TOKYO - Typhoon Neoguri bore down on the Japanese mainland Wednesday after slamming into the southern Okinawa island chain, killing two people and leaving a trail of damage.
Packing gusts of up to 180 kilometres (110 miles) per hour, the typhoon could hit the southern main island of Kyushu as early as Thursday, before moving east along the Japanese archipelago, the national weather agency said.
Officials said Neoguri would bring torrential rainfall and warned of the risk of flooding and landslides after the storm -- which has already weakened from a super typhoon -- forced half a million people to seek shelter in Okinawa on Tuesday.
By Wednesday morning, the typhoon was some 500 kilometres (300 miles) away from the southwestern coast of Kyushu, churning north in the East China Sea at 20 kilometres per hour.

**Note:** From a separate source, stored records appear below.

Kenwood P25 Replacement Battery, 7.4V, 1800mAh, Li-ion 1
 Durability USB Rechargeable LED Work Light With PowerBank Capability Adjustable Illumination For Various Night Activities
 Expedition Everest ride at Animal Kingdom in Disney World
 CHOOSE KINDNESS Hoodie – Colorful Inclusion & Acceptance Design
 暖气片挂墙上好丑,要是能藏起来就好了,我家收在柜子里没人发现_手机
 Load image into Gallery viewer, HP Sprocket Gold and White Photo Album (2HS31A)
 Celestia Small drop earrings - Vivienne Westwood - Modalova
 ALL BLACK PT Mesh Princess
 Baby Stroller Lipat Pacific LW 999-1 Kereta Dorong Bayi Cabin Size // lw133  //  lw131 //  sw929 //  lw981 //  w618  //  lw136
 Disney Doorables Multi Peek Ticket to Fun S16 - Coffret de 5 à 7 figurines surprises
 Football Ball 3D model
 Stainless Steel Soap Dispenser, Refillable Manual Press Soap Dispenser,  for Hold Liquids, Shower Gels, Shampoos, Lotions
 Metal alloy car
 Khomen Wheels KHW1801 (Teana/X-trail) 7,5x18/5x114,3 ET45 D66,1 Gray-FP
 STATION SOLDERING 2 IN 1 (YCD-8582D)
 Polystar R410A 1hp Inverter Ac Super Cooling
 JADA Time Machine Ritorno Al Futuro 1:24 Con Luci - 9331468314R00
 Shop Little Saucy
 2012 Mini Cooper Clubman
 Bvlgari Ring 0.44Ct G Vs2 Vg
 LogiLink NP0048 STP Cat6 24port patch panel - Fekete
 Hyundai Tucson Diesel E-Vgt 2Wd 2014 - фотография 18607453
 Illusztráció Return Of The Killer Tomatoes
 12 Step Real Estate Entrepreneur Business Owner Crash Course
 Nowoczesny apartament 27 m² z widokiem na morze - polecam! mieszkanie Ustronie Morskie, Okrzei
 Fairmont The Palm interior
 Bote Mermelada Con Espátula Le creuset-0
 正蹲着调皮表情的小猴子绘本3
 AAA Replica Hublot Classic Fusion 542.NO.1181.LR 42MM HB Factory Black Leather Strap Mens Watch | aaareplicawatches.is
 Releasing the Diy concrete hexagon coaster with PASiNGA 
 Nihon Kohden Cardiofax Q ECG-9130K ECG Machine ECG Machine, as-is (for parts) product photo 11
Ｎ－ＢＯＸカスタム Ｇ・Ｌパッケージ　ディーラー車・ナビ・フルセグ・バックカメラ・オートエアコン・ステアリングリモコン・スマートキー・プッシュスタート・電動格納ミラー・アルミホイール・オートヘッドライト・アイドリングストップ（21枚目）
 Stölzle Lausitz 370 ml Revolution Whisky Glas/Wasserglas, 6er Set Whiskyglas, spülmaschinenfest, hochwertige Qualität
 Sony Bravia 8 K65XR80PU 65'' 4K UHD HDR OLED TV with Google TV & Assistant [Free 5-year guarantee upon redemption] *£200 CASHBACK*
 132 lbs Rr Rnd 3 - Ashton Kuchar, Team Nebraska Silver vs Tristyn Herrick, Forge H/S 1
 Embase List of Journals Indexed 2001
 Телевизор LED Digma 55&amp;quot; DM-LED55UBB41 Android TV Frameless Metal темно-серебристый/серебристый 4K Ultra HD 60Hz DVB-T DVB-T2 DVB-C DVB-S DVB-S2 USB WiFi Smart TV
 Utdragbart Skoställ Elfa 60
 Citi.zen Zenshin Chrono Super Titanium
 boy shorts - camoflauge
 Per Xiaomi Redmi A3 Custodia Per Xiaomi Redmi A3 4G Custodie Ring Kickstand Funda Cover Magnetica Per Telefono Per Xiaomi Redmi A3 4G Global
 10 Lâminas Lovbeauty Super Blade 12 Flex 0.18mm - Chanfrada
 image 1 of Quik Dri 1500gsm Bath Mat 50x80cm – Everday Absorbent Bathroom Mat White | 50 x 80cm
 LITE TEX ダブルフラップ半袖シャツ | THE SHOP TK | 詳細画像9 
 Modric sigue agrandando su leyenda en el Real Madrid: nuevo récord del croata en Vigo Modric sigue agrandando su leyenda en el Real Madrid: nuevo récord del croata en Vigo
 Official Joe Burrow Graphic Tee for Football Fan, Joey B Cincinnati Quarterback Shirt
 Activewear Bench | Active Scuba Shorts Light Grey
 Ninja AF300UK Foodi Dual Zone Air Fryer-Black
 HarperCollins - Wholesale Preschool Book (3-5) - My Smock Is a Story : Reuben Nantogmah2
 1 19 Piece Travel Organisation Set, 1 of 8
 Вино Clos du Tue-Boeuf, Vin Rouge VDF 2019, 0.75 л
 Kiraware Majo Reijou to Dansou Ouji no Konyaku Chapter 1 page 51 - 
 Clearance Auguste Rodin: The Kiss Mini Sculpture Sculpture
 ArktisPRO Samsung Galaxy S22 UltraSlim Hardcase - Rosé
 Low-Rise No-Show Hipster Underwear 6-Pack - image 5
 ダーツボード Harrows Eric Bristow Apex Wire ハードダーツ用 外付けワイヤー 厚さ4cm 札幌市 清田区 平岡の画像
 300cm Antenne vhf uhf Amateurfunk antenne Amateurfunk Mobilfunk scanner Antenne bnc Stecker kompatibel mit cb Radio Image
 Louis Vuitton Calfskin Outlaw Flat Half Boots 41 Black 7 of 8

Kyushu -- situated next to the biggest island of Honshu, where major cities including Tokyo and Osaka are located -- was already experiencing heavy rain and strong winds, and authorities were likely to issue an emergency alert for residents to seek shelter ahead of Neoguri's landfall.
On Monday, officials issued their highest typhoon alert for Okinawa, warning that Neoguri -- which means raccoon in Korean -- could turn deadly.
On Wednesday, the weather agency's chief forecaster Satoshi Ebihara said the situation in Okinawa remained serious even as the typhoon moved out to sea, with the agency issuing a fresh rainfall alert.
Okinawa was still dealing with a "situation that we've never seen before" due to heavy rains, he said, adding that a "serious crisis" was imminent.
"It would be no surprise if this unprecedented torrential rainfall triggers a serious disaster with landslides and flooding," he said.
In the Okinawan capital of Naha on Tuesday, traffic lights went out, trees were split, signboards flew about and a restaurant was destroyed.
Dozens were injured across the sprawling archipelago. The coast guard and local police said a 62-year-old man was found dead after he was knocked off his boat in rough waters near Japan's mainland, while public broadcaster NHK said an 81-year-old fisherman died in southwestern Kumamoto prefecture.
Schools were closed, air and sea traffic ground to a halt, and nearly 70,000 Okinawan households had no power.